Objective: To retrospectively analyze patients aged 65 years and over, who were admitted to a level II trauma center in Turkey due to minor spinal trauma in a period of 4 years.
Methods: The study included 64 patients aged 65 years and over, who were admitted to the Emergency Department of Baskent University Ankara Hospital between January 2011 and January 2015 and diagnosed with vertebral trauma. The information of the patients was obtained from the medical records. The clinical characteristics of patients including localizations and types of fracture, presence of additional system injuries and treatment options were investigated.
Results: The most common cause was fall, accounting for 51 (79.7%), with 7 (10.9%) due to intra-vehicle traffic accident, and 6 (9.4%) due to out-of-vehicle pedestrian injury. The most common site of trauma was the lumbar region. Of the fractures, 46.9% (n=30) were in the lumbar region, 37.5% (n=24) in the thoracic region and 15.6% (n=10) were in the cervical vertebra region. Fourteen (21.9%) patients had an additional injury. Given the fracture types, 47 fractures (74.6%) were compression, 14 fractures (22.2%) were spinous process and 2 fractures (3.2%) were burst fractures. Twenty patients (31.2%) had multilevel vertebral fractures.
Conclusions: The results of our study demonstrated the importance of vertebral fractures in the geriatric age group. In this age group, falls and motor vehicle accidents are the leading causes of vertebral traumas. Taking the necessary measures to prevent the risk factors which increase with aging is the most important step in preventing the mortality and morbidity that may occur as a result of vertebral fracture.
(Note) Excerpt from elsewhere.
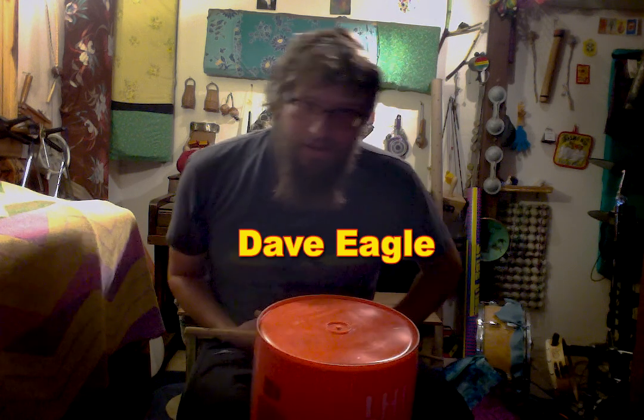Hey, all of you, Dave Eagle here. We're going to learn a simple backbeat that we can play for any backbeat kind of song.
Keywords: Elderly, Trauma, Vertebral column


How to cite this article:
Giray TA, Kayipmaz AE, Sonmez E, Haberal KM, Yilmaz C, Kavalci C, Oguzturk H. Analysis of geriatric patients with minor spinal trauma admitted to the emergency department of a university hospital. J Acute Dis 2019;8:191-4

How to cite this URL:
Giray TA, Kayipmaz AE, Sonmez E, Haberal KM, Yilmaz C, Kavalci C, Oguzturk H. Analysis of geriatric patients with minor spinal trauma admitted to the emergency department of a university hospital. J Acute Dis [serial online] 2019 [cited 2021 Aug 2];8:191-4. Available from: http://www.jadweb.org/text.asp?2019/8/5/191/268407




  1. Introduction Top


Trauma has been one of the leading causes of emergency department admissions[1]. As life expectancy increases with each passing year, admissions of geriatric patients aged 65 years and over, especially patients with geriatric trauma in emergency department are becoming more frequent[2]. Akoglu et al. reported that 22% of the patients presented to the emergency department of a university hospital with trauma were geriatric patients[3].

Trauma cases in the geriatric age group result in higher mortality and morbidity compared to other age groups. These patients are at risk of traumas due to underlying systemic diseases and reduced physiological reserves[4]. These risk factors form a basis for falls and motor vehicle accidents, which are the leading causes of trauma in the geriatric population.

Determining the frequency of spinal traumas and concomitant systemic injuries in the geriatric age group will help to take necessary measures to prevent the risks. By correcting the preventable causes of geriatric traumas, the morbidity and mortality that may develop due to traumas can be prevented.

The aim of our study is to retrospectively analyze patients aged 65 years and over, who were admitted to a level II trauma center in Turkey due to minor spinal trauma in a period of 4 years.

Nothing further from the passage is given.